Xerox Enters Stealth Mode
January 9th, 2008Yesterday Xerox unveiled their new corporate identity. I have it on good authority that they spent several $M on it’s creation. What message are they sending us?
Possibility 1:
Xerox is about to enter the gaming market (thanks for the X-box logo Microsoft)
Manga printing will be huge (and the only people who don’t hate the comic sans font)
Possibility 2
No one in Xerox management knows there is a gaming market
Hey look at this cool font no one ever uses
You decide.
DRM is Dead?
January 9th, 2008A panel discussion here at CES proclaimed DRM (on music) as dead Is it likely that the music trend will soon migrate to video? This would imply that studios accept the fact that DVDs are rippable. So far only Fox has an announcement related to this and I don’t expect the trend to continue due to the differences in the way music is consumed. — video tends to be a one time play environment.
BluRay — HD-DVD
January 8th, 2008I didn’t really get out onto the floor at CES yesterday. But the mood in the HD camps was palpable. BluRay was a carnival atmosphere and HD-DVD/Toshiba felt like a funeral home. It’s over; BluRay won. Two years ago it looked like having Microsoft was the endorsement of success for HD-DVD and now it looks like the kiss of death. You can bet they are humping to get a HD-DVD into the X-Box 360 so they can do what Sony did with PS3. Microsoft has one bullet left.
2008: A Good Year Ahead
January 2nd, 2008Leo Gomes, writing in the Wall Street Journal, reviews the top tech trends of 2007. His list includes:
- Flash Memory
- Hobbyist-Generated Content
- Piracy
Piracy is hardly a business plan, but his message was that the inability of media companies to stamp out piracy is affecting how they do business, with DRM cited as the major issue. I believe that the major appeal of piracy is not the price, but rather the convenience. It lets consumers do what they want with media. I doubt there is a single consumer who likes the idea of DRM because it delivers NO customer benefit.
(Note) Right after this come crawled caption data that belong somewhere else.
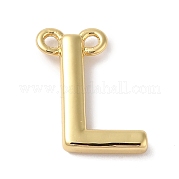 Стойки обшивки латунные подвески KK-L216-003G-L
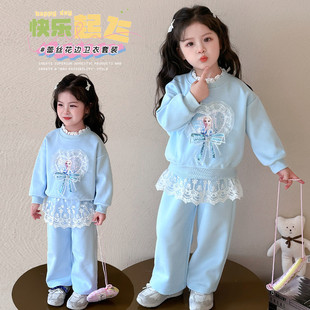 Ů������ͨ��߅�l�����b2025�����¿�Ů�����e��ⴺ�b�\�Ӄɼ���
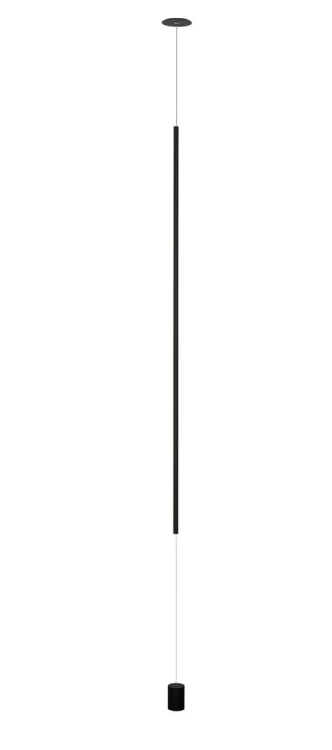 le41359.jpg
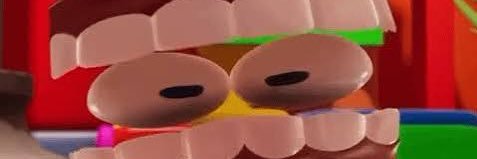 idkwtph57's profile banner image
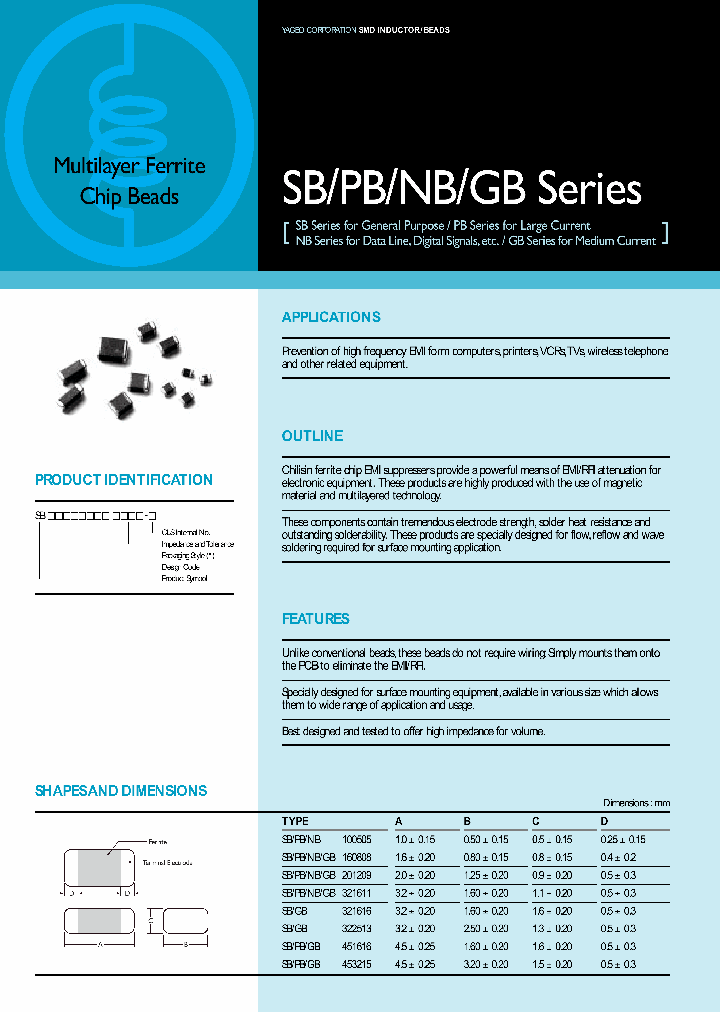 PBY100505T-100Y-S_3866169.PDF Datasheet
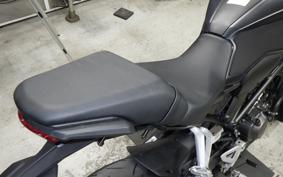 HONDA CB250RA 1993 MC52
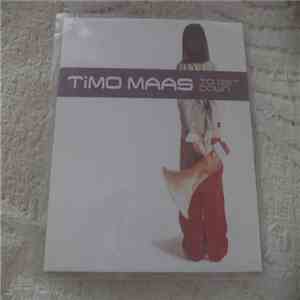 Timo Maas - To Get Down download free Timo Maas - To Get Down download mp3 flac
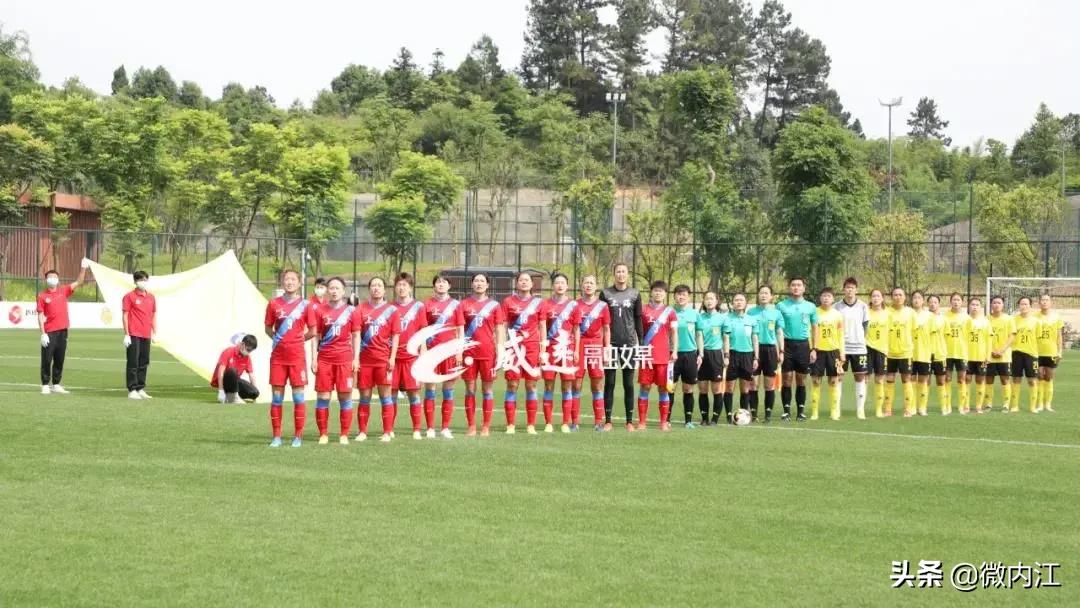 摇篮队员都有谁,中国足球的摇篮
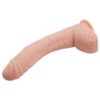 img_111983_c2427c662f36d810a8d29b8b79149243_1.jpg BAILE - ALEX DILDO PIEL REALISTA 27 CM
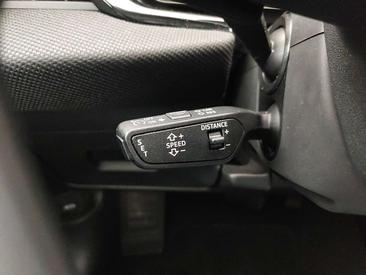 Audi A5 Avant TDI — photo 14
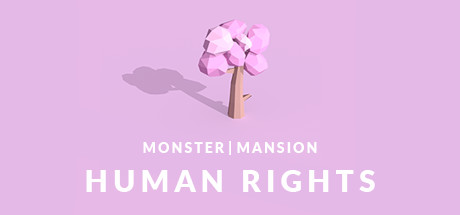 Human Rights Cheat Engine/CT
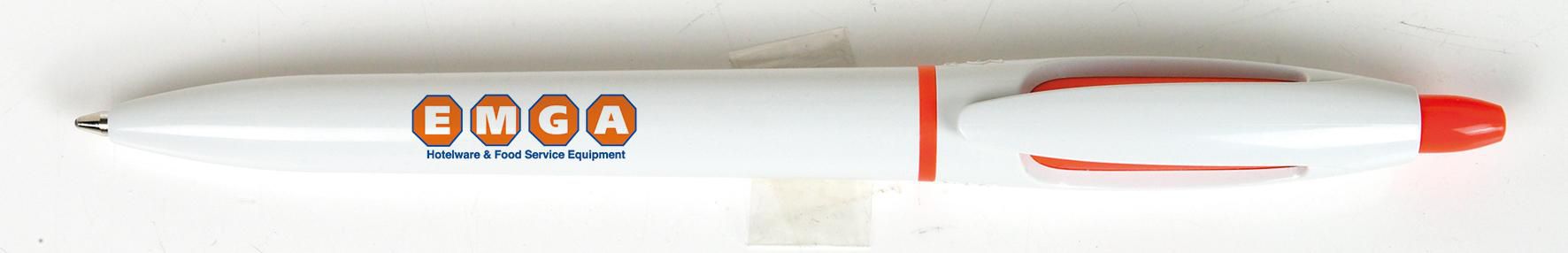 Stilolinea S! Kugelschreiber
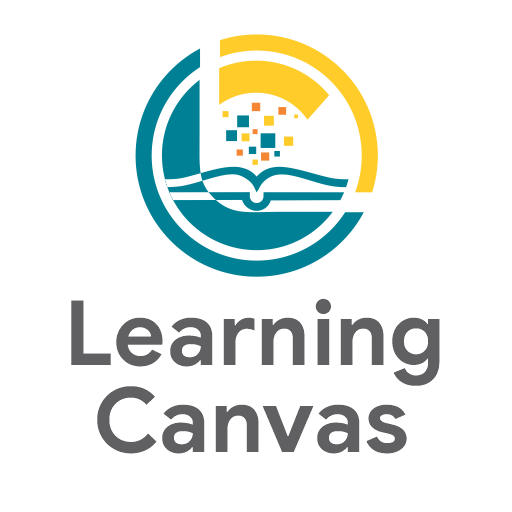 Learning Canvas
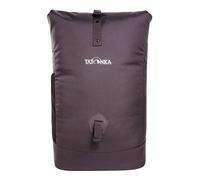 Tatonka Grip Rolltop Pack 34 Mochila urbana 55 cm Compartimento para el portátil lila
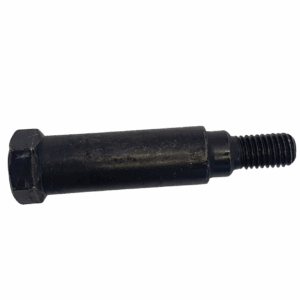 4456020045 OR - ZFP PARAFUSO COMPACTADOR GS - ALTERNATIVA SEMEATO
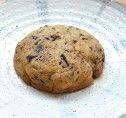 Soft Chocolate Chips Cookie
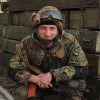 Леонид Маслов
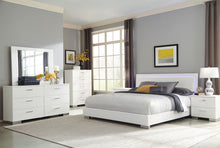 Load image into Gallery viewer, Felicity Bedroom Sets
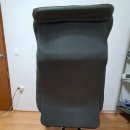 민트PC방 이미지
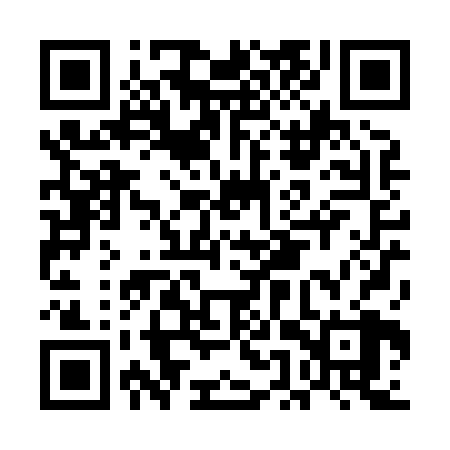 QR code for EEPX28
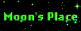 moonpyx.me banner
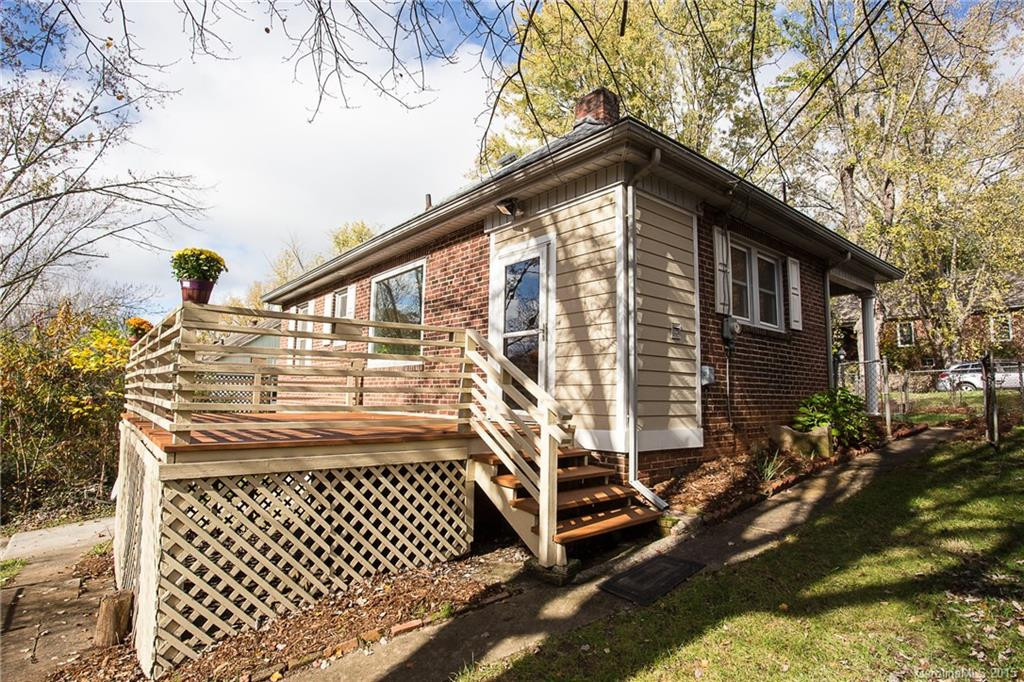 23 Enka Orchard Street - Photo 18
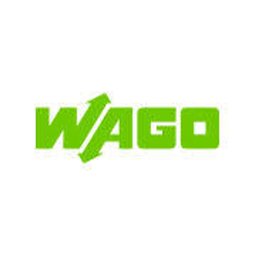Firmenlogo Wago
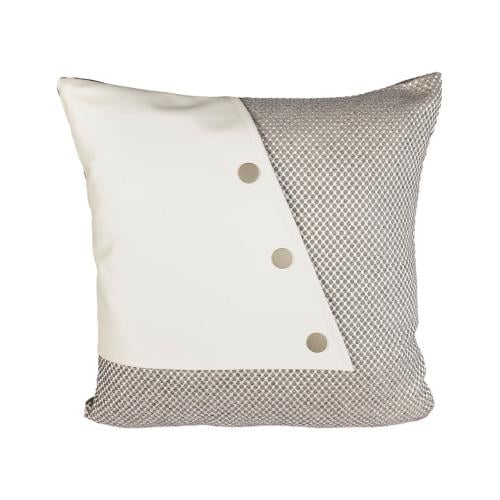 وسادة من مجموعة نمق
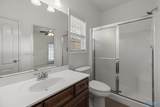 106 Autumn Cove Drive - Photo 32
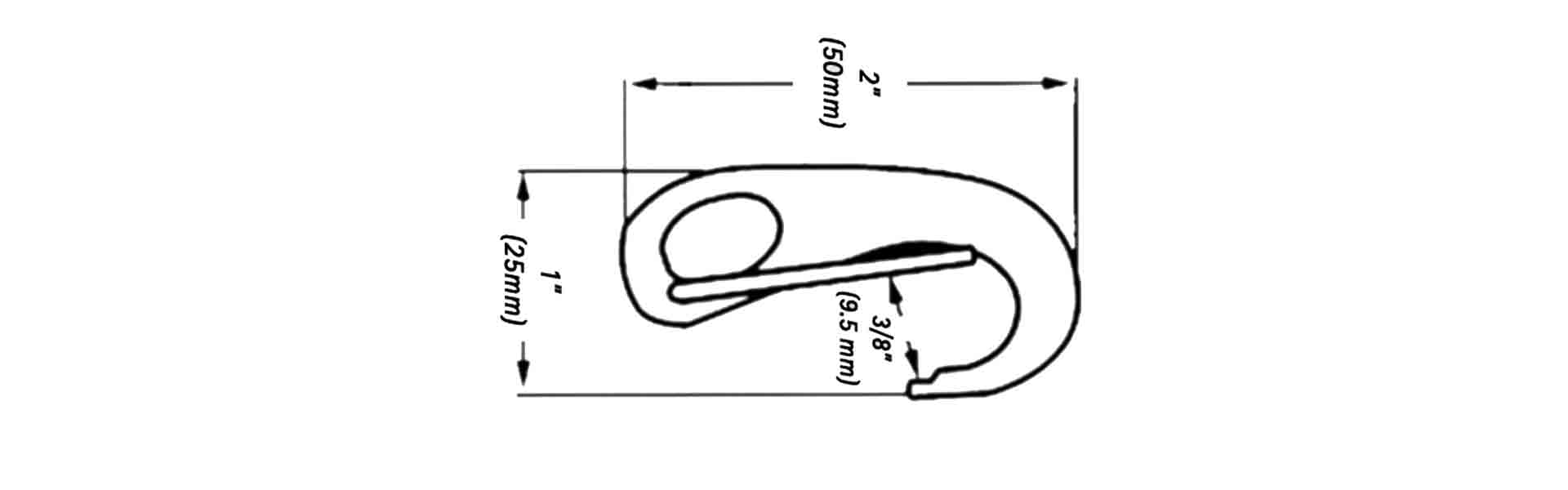 product_dimensions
DRM opponents (who probably include everyone) fall into three main categories:
-
- Idealists
- Anarchists
- Freetards
The vast majority of people fall into the first category; they see digital media as analogous to traditional media. When purchased, fair usage should be obvious and not interpreted after the fact by the owner. It should not matter when, where or on what it played on, just like a book or DVD. The buyer should have a perpetual right to use it and the right to resell it if he desires. A media company that insists that the DVD, cellphone version and computer version of a movie are three separate products is just asking the consumer to buy one and “steal” the other two. The only thing standing in the way of this concept is the technology and infrastructure to do it. CloakX has solved this problem.
Anarchists (who think there is no such thing intellectual property) and freetards (who think they just shouldn’t have to pay) cannot be satisfied. Would you like to know the name of the VC known as the “top VC in NYC” who says he is “proud to be a freetard?”
Identity Matters
December 31st, 2007The University of Oregon is refusing to cave into the RIAA on a file sharing suit against 17 of its students. The RIAA responds indignantly to the defense mounted by Hardy Myers, Oregon’s Attorney General. It seems obvious that there is an identity issue here , forgetting for a moment about whether the current political mood does in fact support broad extension of policing powers.
Imagine a time when we no longer talk about digital media, and I believe that time is not far away. When the current DRM battle is solved, all media will be bought online. This means that not only will your your surfing habits become a matter of public record. How will we like it when the RIAA (and anyone else) can look at our library of music, films and books? Profiling abuses and the thought police loom large.
The industry MUST acknowledge the need for pseudo-anonymous identity in these matters. It cuts both ways.
The Final Chapter
December 30th, 2007AOL has written the final chapter on Netscape by pulling the plug on development. Netscape started the boom of the commercial Internet, got crushed by Microsoft Explorer and was eventually sold to AOL. AOl has a talent for buying worthless Internet properties. Now we await the fate of AOL itself, which has been largely irrelevant for years. When Jeff Bewkes takes over Time Warner on Jan. 1, it is widely expected he will put a bullet in AOL. The only thing we can look forward to is the language they use to describe what they are doing. I expect phrases like “advertising property, interactive portal” and other mediaspeak. With any luck, we may get a gem like the one that Terry Semel used two years ago at CES when he talked about how much his daughter used the “Wide Wide Web.”
Wal-Mart Hits the Wall
December 29th, 2007Wal-Mart has quietly shut down its service for downloading movies. The announcement went unnoticed for almost a week, which certainly speaks to how popular it was. A couple of big companies like Wal-Mart and HP (who supplied the delivery infrastructure) might have been able to figure out that the product offering was DOA from the start. Let’s list the reasons:
-
- Operated on a single PC
- Windows only
- Price of $13-$20 per movie
- High speed connection mandatory
- Played only on Window Media Players (no iPods)
- Do it yourself connection to a TV
Henry (”Amazon Will Go to $600″) Blodgett lists a lot of smart sounding reasons about branding, etc. to explain why this failed. Any 16-year-old kid could explain it more simply: It was just plain stupid. Any of the reasons above would have spelled trouble; together they were a perfect storm of cluelessness. A service like this is an ALTERNATIVE to buying or renting DVDs. A bad alternative will never be used.
Decline of Networks Continues
December 23rd, 2007Television networks continue to lose viewers. Gaming, YouTube, BitTorrent and others provide viewers with alternatives. Advertisers are looking for other outlets. The television writers are striking for their fair share of new media (pencils down!). Networks seem to think they can set it right by breaking the writers union, but how is that going to recover the audience that is already gone? Networks think that if they simply embed the advertising into the content and distribute it freely on Hulu et al, then everything should work fine. Personally I don’t look forward to a solution that turns all media into AM radio with an ad in between every song and makes movies into the ones on network TV. If that is the price I have to pay to keep the music industry and movies afloat, then they can just go out of business. I am willing to pay for content without ads and so are many others.
I’d be very surprised if that is how things end up.